David Yun (Xbox Live Gamertag - Vawce) David Yun (Xbox Live Gamertag - Vawce): (contact-deleteme[at]-deleteme-direman [dot] com) 2009-03-05 07:49:54

Battlefield: Bad Company - Rank A

Developer: Digital Illusions CE (DICE)
Publisher: EA Games
Date: 6/23/08

Also available for PlayStation 3

Battlefield is a legendary name among multiplayer PC gamers, but Bad Company is the first console title to live up to the franchise moniker. Plus, it sports a fully fleshed out and genuinely enjoyable singleplayer experience. The previous Battlefield failed to leverage the PC clout into console brand recognition (like how Call of Duty managed to transmute over), and this may have led to Bad Company being somewhat overlooked. This is a shame, because Bad Company delivers quality single and multiplayer action with distinct force and personality, and is probably the best shooter since Call of Duty 4.
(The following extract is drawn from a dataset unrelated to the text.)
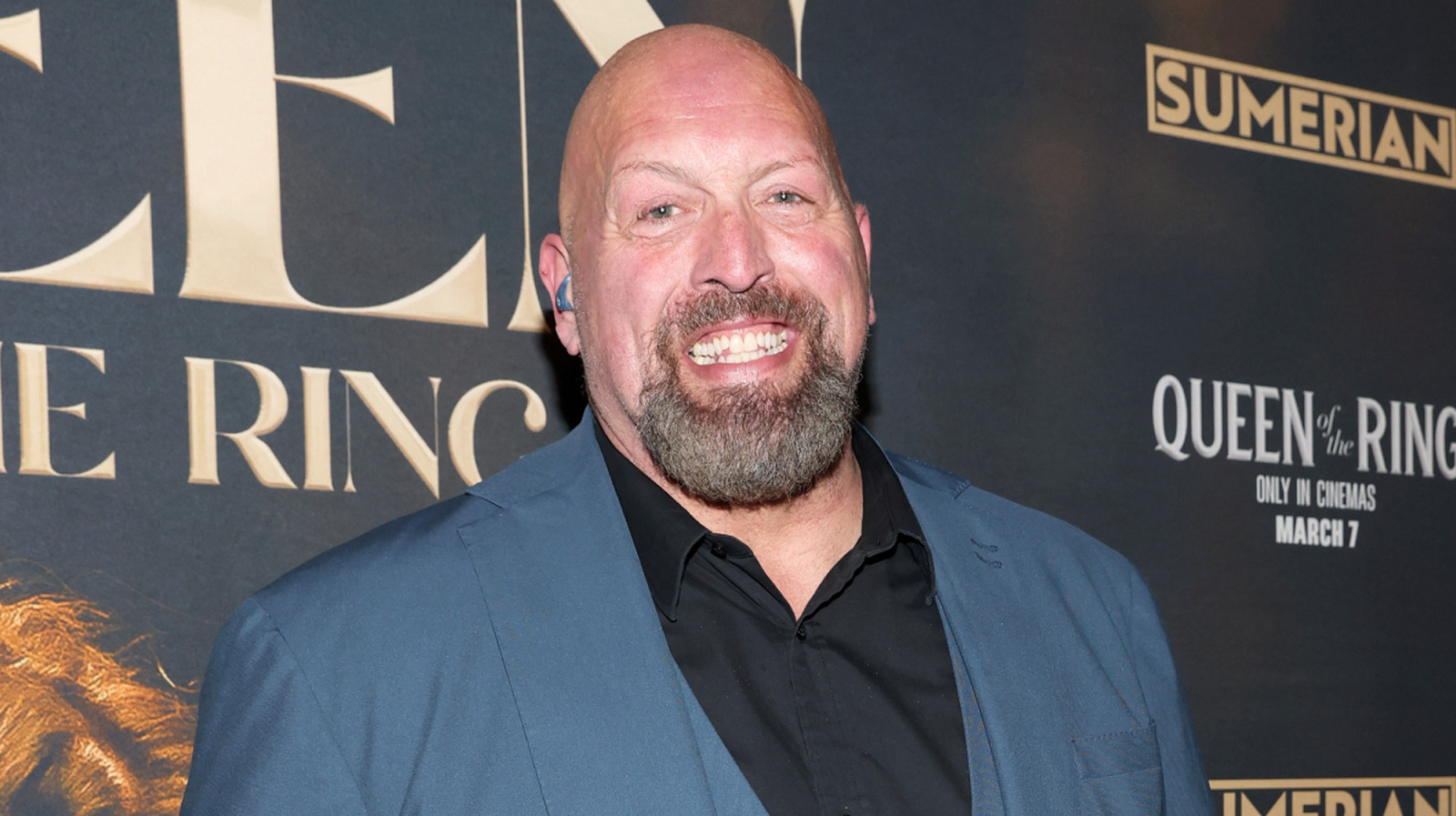 AEW’s Paul Wight Details Taking Care Of His Giant Frame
The singleplayer campaign revolves around the exploits of Bad Company, a squad of chuckleheaded U.S. Army misfits. You play as Private Preston Marlowe, the FNG of the squad. Your fellow privates are Terrence Sweetwater, a techno-nerd who won't STFU, and George Haggard, an impulsive redneck who loves to blow things up. Team leader Samuel Redford is the prototypical black sergeant stuck with the unenviable task of babysitting your fellow goofballs. He's just counting the days until he's discharged, and grumbles when the shit hits the fan. The plot is reminiscent of Three Kings, as the four soldiers go AWOL in pursuit of mercenary gold.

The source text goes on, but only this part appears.